I actually do not believe God is in the business of making us do what we do not want to do.  That is just wrong theology.

But.

I am doing exactly what I sad I would never do.

Five years ago next month, I moved to Kansas.  I left the Sunshine State and told my brand new husband that we would never move back to Florida.  (He grew up there, so this was a pretty bold statement for a new bride.  But I meant it.)

It is not that I dislike Florida.  College was such an amazingly fun time of my life.  But I just really love the Midwest.  I love being close to my family (I really missed them during my college years).  I love the seasons.  I love how nice people are.  I love that is only takes 3-4 hours to fly anywhere in the country.  In short, I love where we live.

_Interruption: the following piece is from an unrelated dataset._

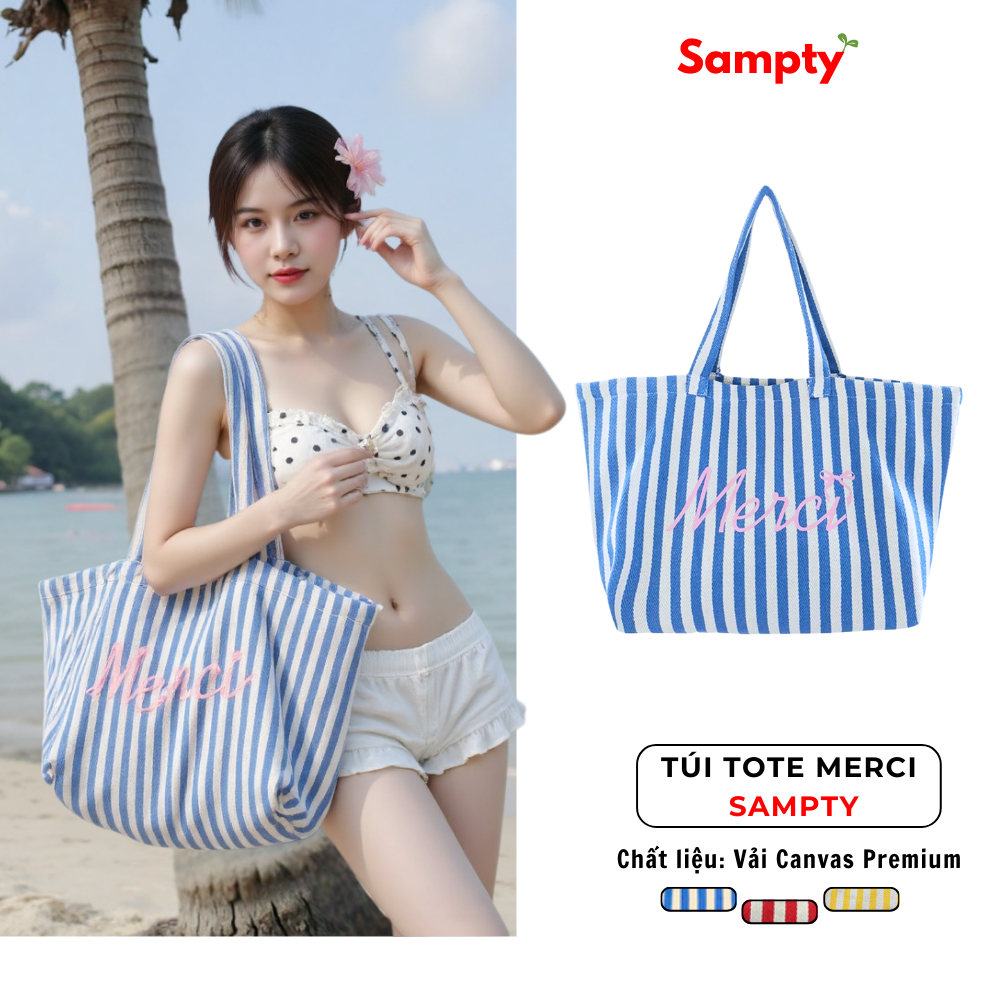 Túi Tote Canvas Premium 𝐒𝐚𝐦𝐩𝐭𝐲 Merci Kẻ Sọc Thời Trang Y2K Sức Chứa Lớn Trend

If I had my choice, I would have lived in Kansas City forever.  It is perfect.  Big city with a small city feel.  Anything you could ever want….with everything you need within a 10 minute drive.  I have like 6 Targets within a 15 minute drive!!

But I told God what I would not do.

And He decided that is the very thing I would do.

So, in a few short months, my family and I will be relocating to south Florida.

Many people have asked how it came to be.  I usually give the short version of the story.  I will give the medium version here.

Last May, a friend of Brett’s called him and said, “I really think you should pray about the possibility of moving to Miami.”

Brett shared this with me.  I laughed (Sarah of the Bible??).  And said, “Absolutely not.”

Slowly, over the next couple of months, God showed up to me in profound ways.  I needed heavy convincing, and He definitely convinced me.  Basically, through a series of dreams, people’s encouragement, etc., it was very clear that we would be moving to Florida.

Some of our closest friends in the world live in Florida.  We have always felt that we would work with them in a ministry capacity, but we assured them this would happen once they left Florida to join us in the great state of Kansas!!  (They laughed and said, “Absolutely not.”)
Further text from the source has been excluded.